There was no one true cause of it, even if my brain was trying to find one.

Another type is event-specific emotional pain.

It can happen after a breakup of your relationship, or losing your job, or failing to successfully complete a project.

For some people, this kind of emotional pain hurts even more than the pain that seems to come from nowhere or has no clear cause.

Because when we think we are to blame for something, our mind searches for all the reasons we have failed. Our brains are expert pattern-matching devices, and it will stop at nothing to find the reasons for our shortcomings.

Fortunately, this is not the truth.

The truth comes from reframing how you think about your pain.

Reframing Your Emotional Pain

Remember that painful event you conjured up earlier?

We're going to use it now.

What made that time in your life so painful?

Why that event and not another?

What are the primary painful emotions you're feeling?

The first step in addressing pain is seeing it for what it is--mere facts you tell yourself.

Now, I don't mean to make light of a serious event in your life.

What I'm trying to point out is that each of us is responsible for making meaning in what has happened to us.

If we can interpret events in one way, we can certainly interpret them in a totally different way.

Now consider this: Is it possible, just possible, that you could be wrong about an aspect of your emotional pain?

For me, when I started to deal with and confront my feelings of intense shame, of feeling that I was broken and not good enough, I started to see the truth.

But it took me facing the pain.

I couldn't run from it.

It is only when you name and claim your pain that you can begin to own the story and reframe the narrative.

It took some time, but the more I was able to talk about my shame with others, the more I took control of the storyline.

The more I wrote about my shame, the more I saw it as one thread in the tapestry.

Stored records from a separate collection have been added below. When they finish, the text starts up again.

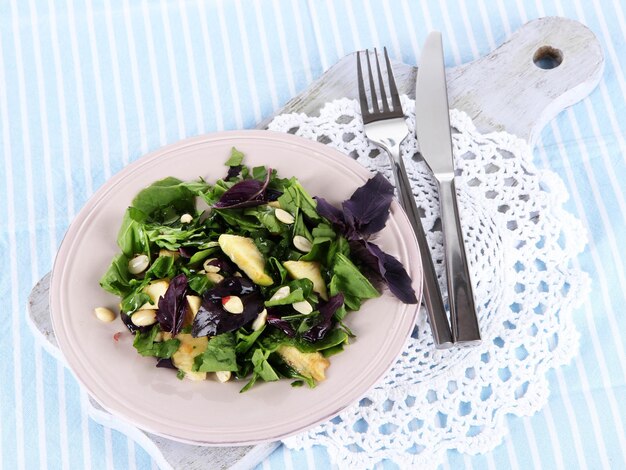 Light salad on plate on napkin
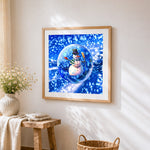 Snowman in a crystal ball cross stitch artwork displayed on wall as home decor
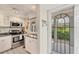 Compact kitchen featuring stainless steel appliances, granite countertops, and ample cabinet space at 4350 Chatham Dr # E106, Longboat Key, FL 34228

One, lonely thread laid out in front of me.

I even began to feel sort of bad for the story I had been telling myself.

Because no person is ever just one thing, and I started to pull in other threads the more I faced up to my emotional pain.

I found threads that were vibrant and caring. I pulled in threads that were shiny and resilient. I started to think about the vast amount of good things that I had in my life in comparison to the bad things my brain was falsely trying to shove in front of me.

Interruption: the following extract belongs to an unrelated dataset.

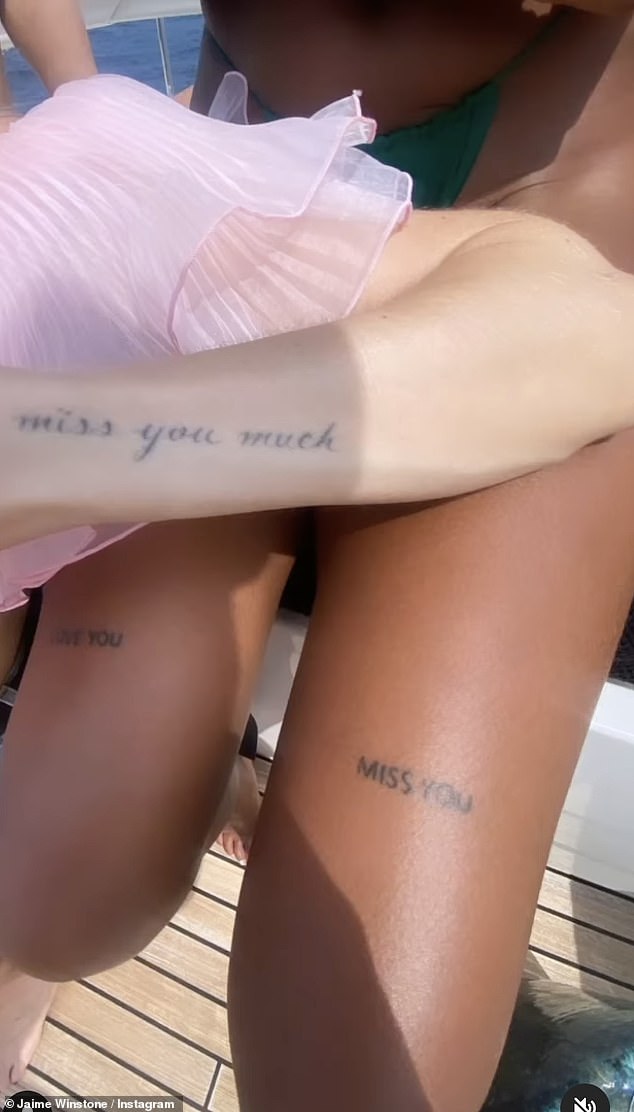 She showed off some of her friends' tattoos which appeared to match, with one person having written 'miss you so much' on their arm, while another showed the writing 'MISS YOU'.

And I did this by agreeing to meet the pain head-on.

I'm not saying to blindly accept the bad things that have happened to you.

What I'm saying is that you get to choose how you look at your pain.

You do not need to believe what your brain first tells you.

Emotional pain can be devastating because of how it tries to trick you that it is you.

But it's not.

It's just a shield, a layer, a piece of fabric draped over your eyes.

As long as you remember that there is a human being behind that blinding layer, you will be just fine.

Your pain happens to you--it's not who you are.

If you agree to meet it, you're halfway there.

Because once you engage with it from the vast and resounding depths of who you are, emotional pain doesn't stand a chance.